[Dataset excerpts]
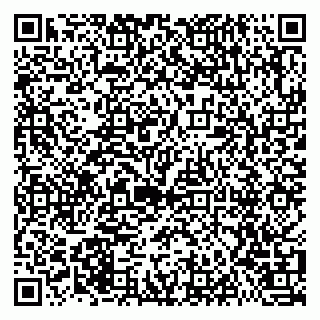 vCard 79021040517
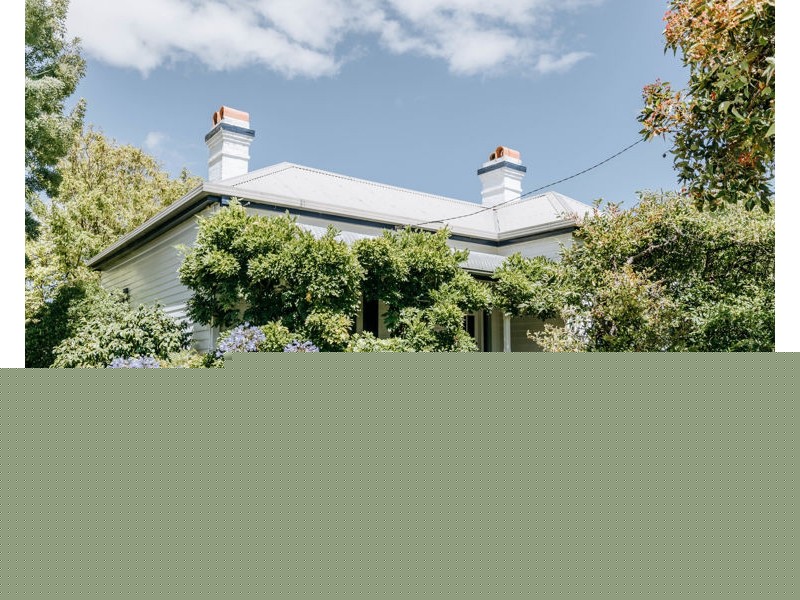 5 Nicholls Street, Devonport TAS 7310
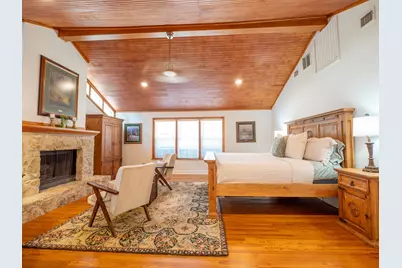 32 Margranita Crescent, Austin, TX 78703 - Photo 15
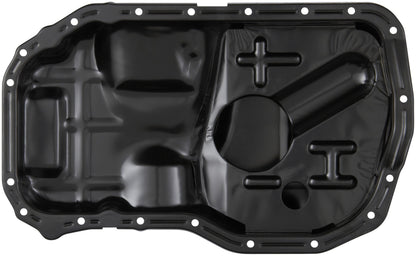 Spectra Premium Engine Oil Pan CRP42A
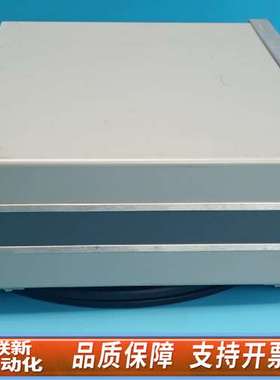 ILX LIGHTWAVE激光二极管控制器LDC-3900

- _WHAT THIS TASK INVOLVES_: Write out only the lines from the one that contains "32 Margranita Crescent, Austin, TX" through the last line of the records above, both included, word for word and without the pictures.

- _SOLUTION TO THIS TASK_:
 32 Margranita Crescent, Austin, TX 78703 - Photo 15
 Spectra Premium Engine Oil Pan CRP42A
 ILX LIGHTWAVE激光二极管控制器LDC-3900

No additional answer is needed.